Beyond the obvious, though, or the supreme intimacy of sharing your bed as well as your writing with a partner, it can be very hard to notice when someone is no longer a help but has rather has become a hindrance. All too often when a writer finds a person who will even read, let alone critique, their work they hang on to them like grim death – even when they are doing more harm than good. For example, here are some questions you should be asking when you get feedback from anyone – including a loving partner:

Are they speaking from prejudice? A good reader should be able to suspend their personal likes and dislikes and comment on only the story. If they rip the work – or you – apart because they personally don’t like the sex, the setting, the characters, etc., without giving thoughtful feedback then this is someone who doesn’t deserve to see your work.

Are they jealous? Too often an insecure reader will dig for fault when none is present because you have surprised or intimidated them with your abilities. This is not to say that all criticism should be viewed with paranoia, but when comments come with too much vitriol or are making too much of small errors then you might want to raise your eyebrows.

Are they making unfair comparisons? If your story was written for TRUCKSTOP TRANSSEXUALS IN TROUBLE, you don’t want a reader telling you that your style, characters, setting, and is no where near the quality of, say, Dickens, Hemmingway, or Shakespeare.

Are they mixing you and your work? Back to TRUCKSTOP TRANSSEXUALS, you don’t want comments like “Baby, I didn’t know you were into that stuff,” or “How often do you think about things like this?” or “I think you need therapy.” You may very well need therapy, but you certainly don’t need remarks like that.

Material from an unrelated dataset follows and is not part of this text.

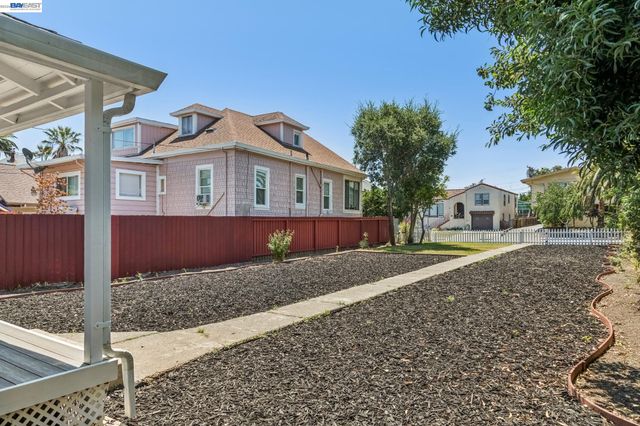 212 Illinois Street, Vallejo, CA 94590
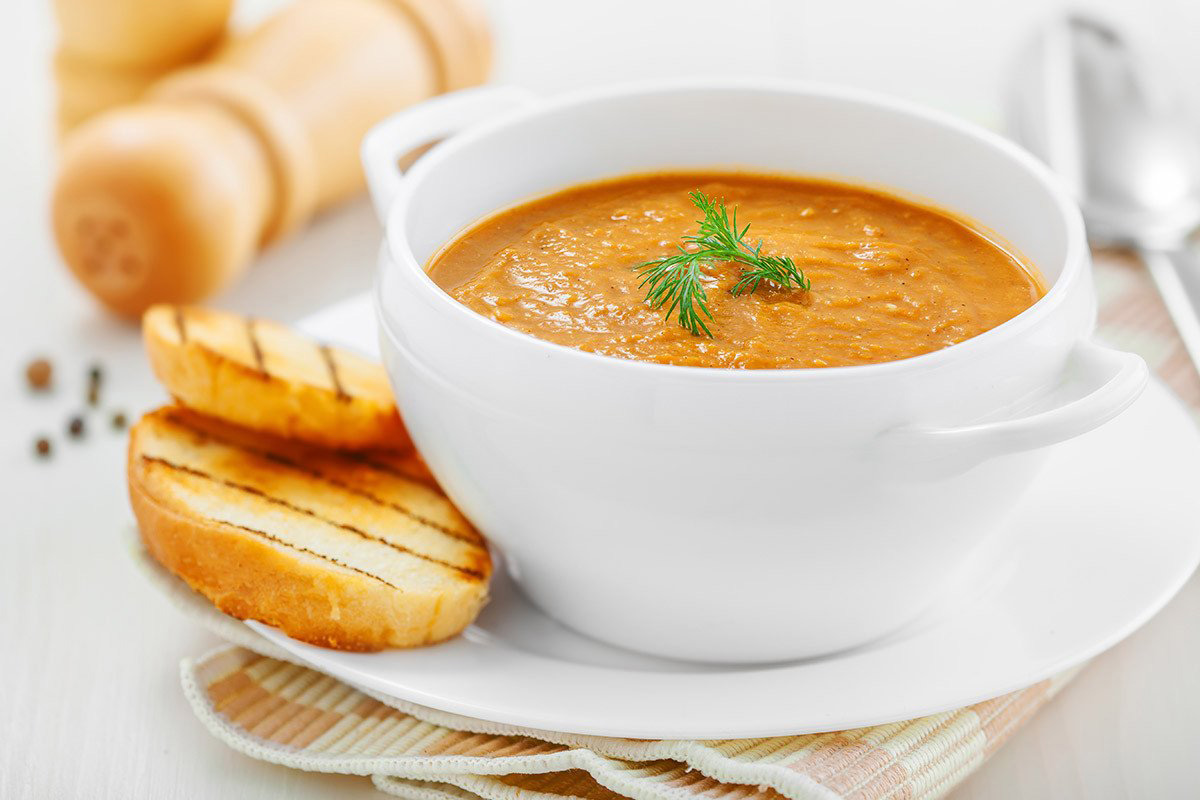 Ciorbe pentru scăderea colesterolului: Alimente recomandate de nutriționiști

Are the comments constructive? Get rid of – as fast as possible – anyone who does not say something, anything, good about your work. If all you get are brutal criticisms or even just witty put-downs then turn right around and insult the size, shape, or hygiene of their genitals. Okay, that might be a bit harsh, but a good reader will always give good with the bad, even if it’s just that your font was pretty and you spelled most of the words correctly.

I could go on but I hope I’ve made my point. Writing is hard. Writing is VERY HARD. But the people in your life shouldn’t make it any harder. Find friends, pals, buddies or even lovers who know, understand, and sympathize with what being a writer is -- and who, most importantly -- will be there with a cup of tea, a kiss on the forehead, or even just a few kind and supportive words when baring your soul on the page gets just a little too cold, a bit too dark, or a touch too lonely.

You’re a writer – and that’s special and brave. You’re worth it.